EXERCISE BRIEF ▸ Of the entries below, return only those lines from the line with "Used 2014 INFINITI" to the line with "Casă cu 3 camere", exactly, both included.

INFORMATION GIVEN ▸
>>

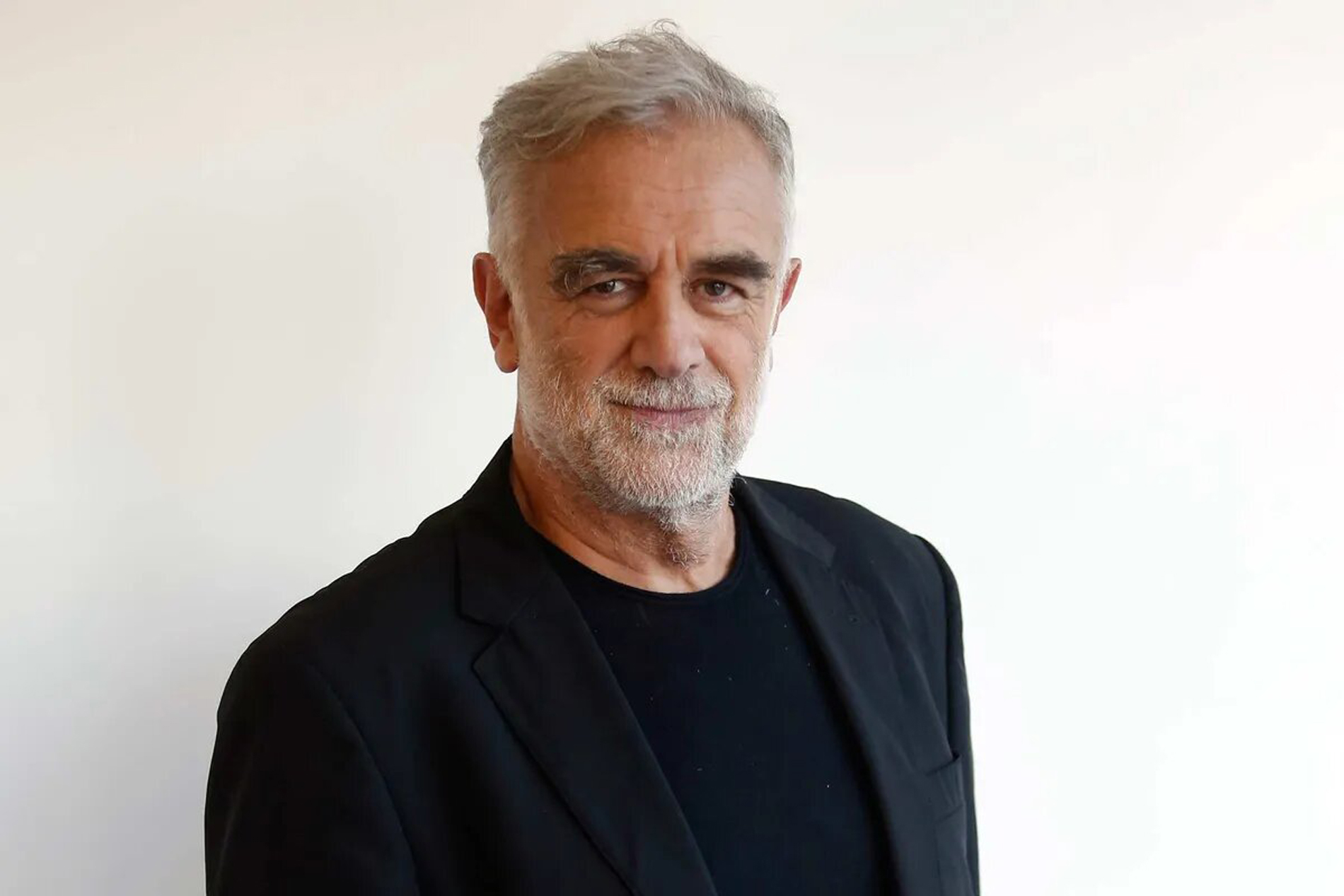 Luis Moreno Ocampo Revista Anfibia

<<
>>

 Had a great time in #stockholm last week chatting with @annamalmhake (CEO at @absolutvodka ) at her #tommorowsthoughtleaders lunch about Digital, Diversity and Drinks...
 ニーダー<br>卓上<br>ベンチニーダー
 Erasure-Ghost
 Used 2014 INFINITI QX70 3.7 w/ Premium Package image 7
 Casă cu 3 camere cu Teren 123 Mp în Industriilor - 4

<<

PROBLEM SOLUTION ▸
 Used 2014 INFINITI QX70 3.7 w/ Premium Package image 7
 Casă cu 3 camere cu Teren 123 Mp în Industriilor - 4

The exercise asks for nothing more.